**ABOUT THIS EXERCISE**.
Only one span of the material below is wanted. Output it exactly, from the line with "20805 Sheldon Street" through the line with "LED-Spotstrahler 1 Spot, silber", without any pictures.

BEGIN RECORDS TO USE

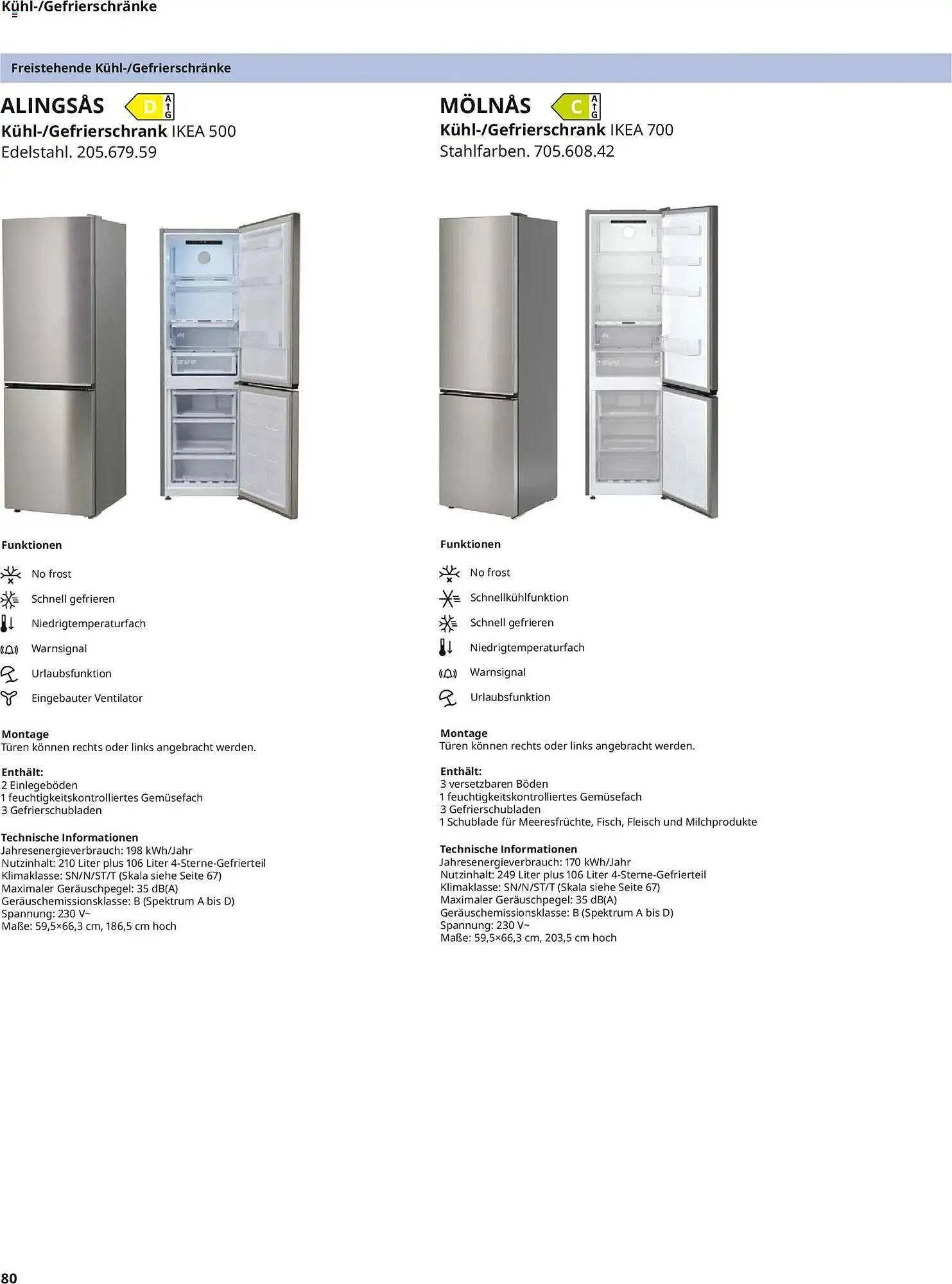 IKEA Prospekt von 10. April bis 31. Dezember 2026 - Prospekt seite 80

END RECORDS TO USE
BEGIN RECORDS TO USE

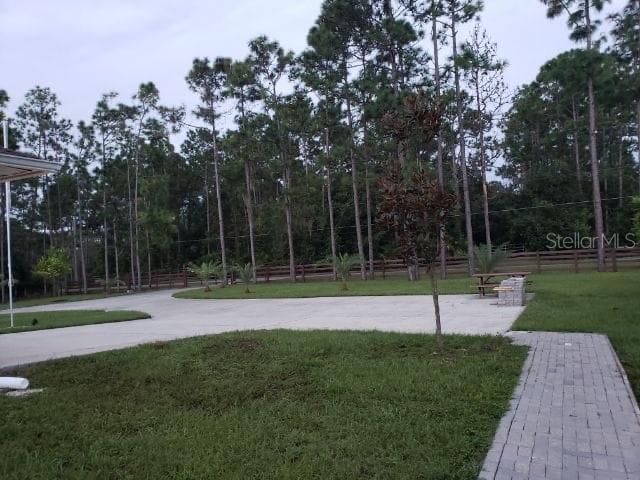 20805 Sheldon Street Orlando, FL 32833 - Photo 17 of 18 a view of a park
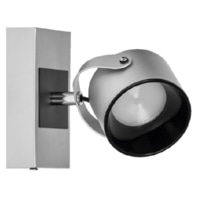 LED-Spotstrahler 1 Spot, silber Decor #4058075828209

END RECORDS TO USE

**THE ANSWER**.
 20805 Sheldon Street Orlando, FL 32833 - Photo 17 of 18 a view of a park
 LED-Spotstrahler 1 Spot, silber Decor #4058075828209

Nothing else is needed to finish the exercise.